AIM OF THE EXERCISE → Only one stretch of the data is wanted: the line containing "Blau Marlin Vektor Symbol", the line containing "1girl :d alternate_costume", and every line between them, copied exactly.

DATA UNDER STUDY →

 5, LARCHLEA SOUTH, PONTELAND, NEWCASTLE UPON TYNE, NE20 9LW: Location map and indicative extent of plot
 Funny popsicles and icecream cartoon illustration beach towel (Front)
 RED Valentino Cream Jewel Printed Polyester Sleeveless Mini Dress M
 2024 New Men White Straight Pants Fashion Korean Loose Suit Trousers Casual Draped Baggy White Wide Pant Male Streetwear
...
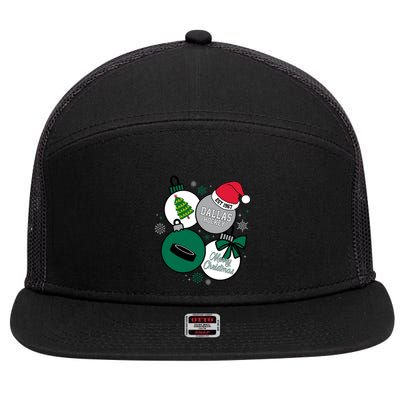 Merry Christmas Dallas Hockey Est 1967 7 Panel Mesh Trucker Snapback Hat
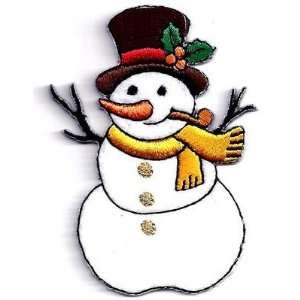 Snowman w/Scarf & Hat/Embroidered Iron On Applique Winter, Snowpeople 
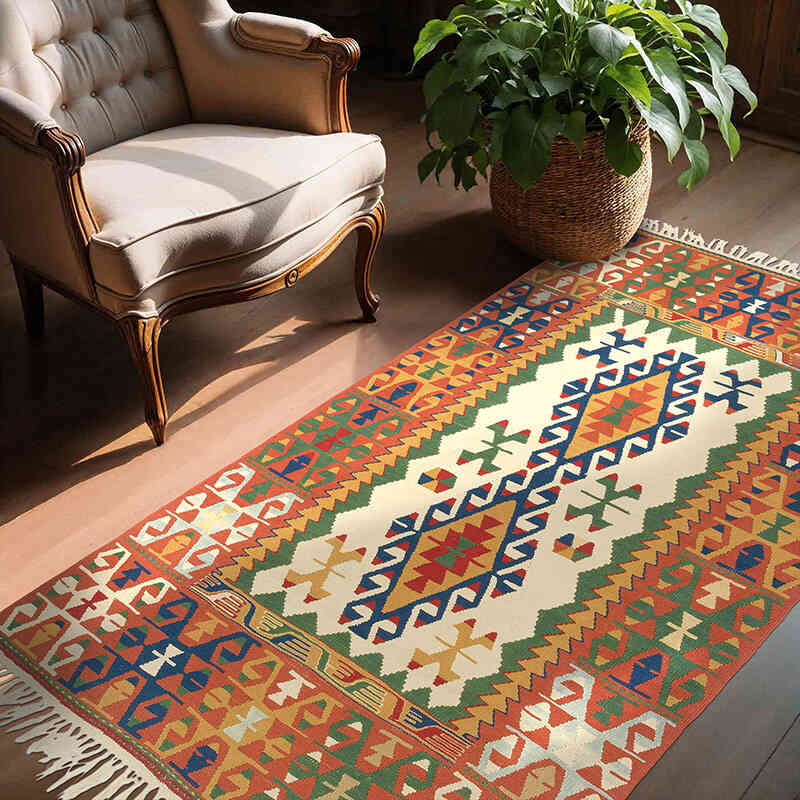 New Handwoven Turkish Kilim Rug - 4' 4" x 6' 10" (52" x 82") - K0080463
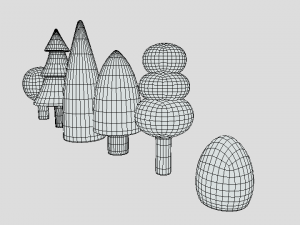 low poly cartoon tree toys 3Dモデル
* * *
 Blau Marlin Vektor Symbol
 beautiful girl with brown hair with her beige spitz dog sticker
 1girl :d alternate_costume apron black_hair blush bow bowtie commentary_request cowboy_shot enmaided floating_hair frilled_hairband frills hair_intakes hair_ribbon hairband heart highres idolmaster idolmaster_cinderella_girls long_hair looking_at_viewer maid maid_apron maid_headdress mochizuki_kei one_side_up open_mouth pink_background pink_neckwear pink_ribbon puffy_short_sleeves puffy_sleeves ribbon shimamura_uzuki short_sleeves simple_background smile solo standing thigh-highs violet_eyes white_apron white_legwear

ANSWER TO THIS TASK →
 Blau Marlin Vektor Symbol
 beautiful girl with brown hair with her beige spitz dog sticker
 1girl :d alternate_costume apron black_hair blush bow bowtie commentary_request cowboy_shot enmaided floating_hair frilled_hairband frills hair_intakes hair_ribbon hairband heart highres idolmaster idolmaster_cinderella_girls long_hair looking_at_viewer maid maid_apron maid_headdress mochizuki_kei one_side_up open_mouth pink_background pink_neckwear pink_ribbon puffy_short_sleeves puffy_sleeves ribbon shimamura_uzuki short_sleeves simple_background smile solo standing thigh-highs violet_eyes white_apron white_legwear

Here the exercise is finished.